Each session is a memory area that persists from one request to another. The following information concentrates on aspects of session support that are specific to Java(TM) applications. For more general information on sessions including how sessions are established in the application logic layer, see How session management works.
Java applications run in a session environment. That is, there must be a session established between the client and server before the client can perform any operation and a session established between the application presentation layer and the application logic layer before the application presentation layer can request a business process. The logon process does this. This process generates a unique session ID that is used to maintain the session in both layers.

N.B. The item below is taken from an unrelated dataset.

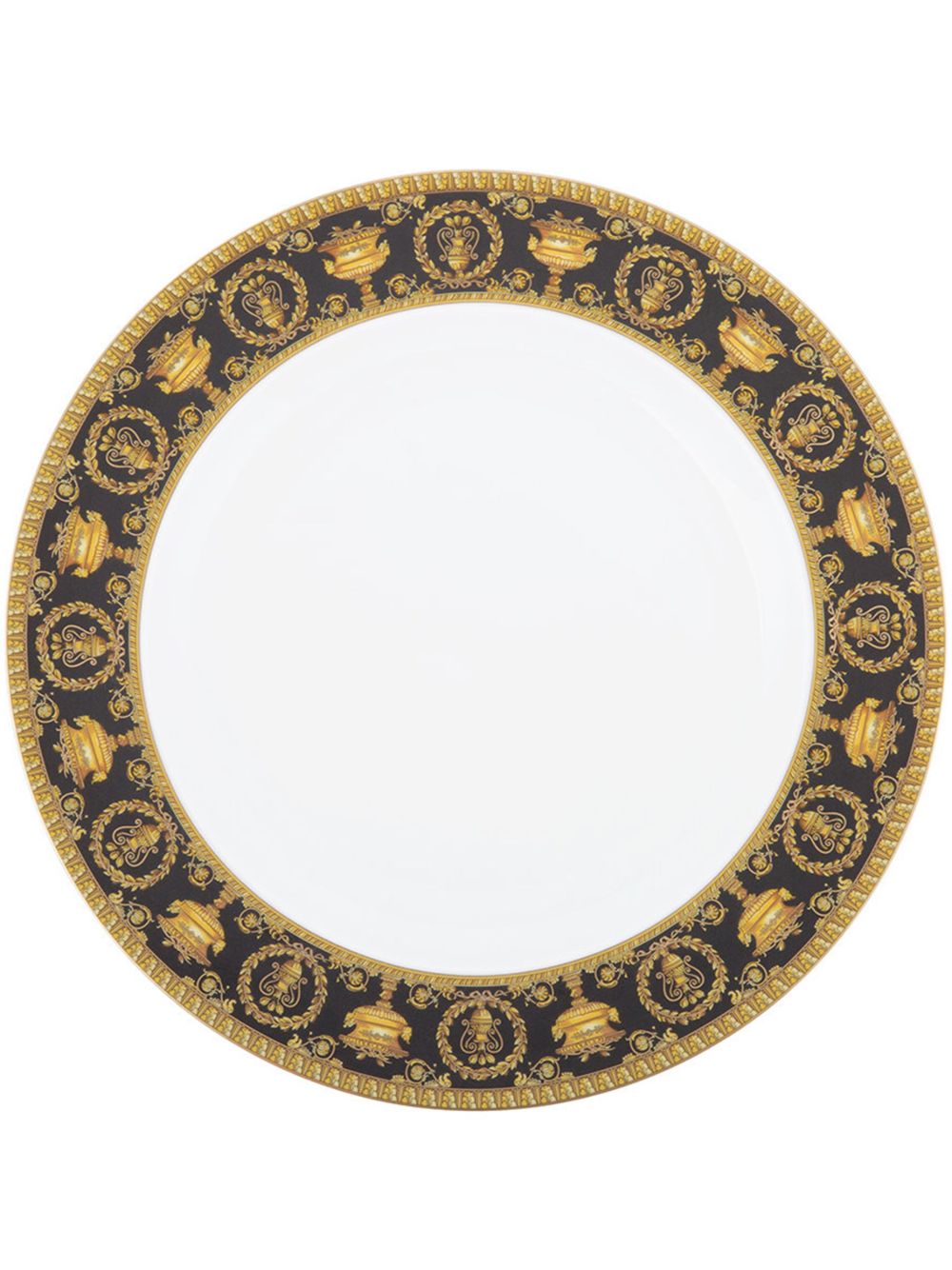 Versace I Love Baroque 汤盘 - 白色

The Client/Server Mechanism supports session management using either cookies or the jsessionid attribute. The server saves a reference to the session object that currently manages a session in the session table. The session object is an HttpSession object. If cookies are enabled, session management are done through cookies. If cookies are not enabled, the Client/Server Mechanism passes the HTTPSession ID as the value of the jsessionid attribute in the request URL.
If the application is using cookies, the CSClient stores the cookies in CSConnectionCookies. When the CSClient receives a response, it updates CSConnectionCookies with any new cookies received from the server. The storage policy that CSConnectionCookies uses is incremental so that it stores all cookies received from or sent to servers. This policy means that it cannot lose any cookies. Currently, the CSClient sends all cookies with any client request. Note that CSConnectionCookies does not have a timeout policy implemented to remove old cookies.
The CSServer receives the session request and handles it like any other request. That is, it invokes the appropriate process in the application logic layer. If the request is to establish a session, the CSServer passes the session ID back to the CSClient.
If an error occurs while establishing a session in the application presentation layer, the application re-does the establish session request. However, once a session has been successfully established, the Client/Server Mechanism is responsible for trying to re-establish the session if an error on the connection occurs or if the session times-out due to inactivity. It makes repeated attempts until it succeeds or until the maximum number of reconnect attempts has been reached. At that point, it logs a system event and performs any necessary cleanup.
If problems develop during the closing of the session, the Client/Server Mechanism ensures that the session is closed in the application presentation layer.
The toolkit leverages the WebSphere(R) Application Server to handle session time-outs.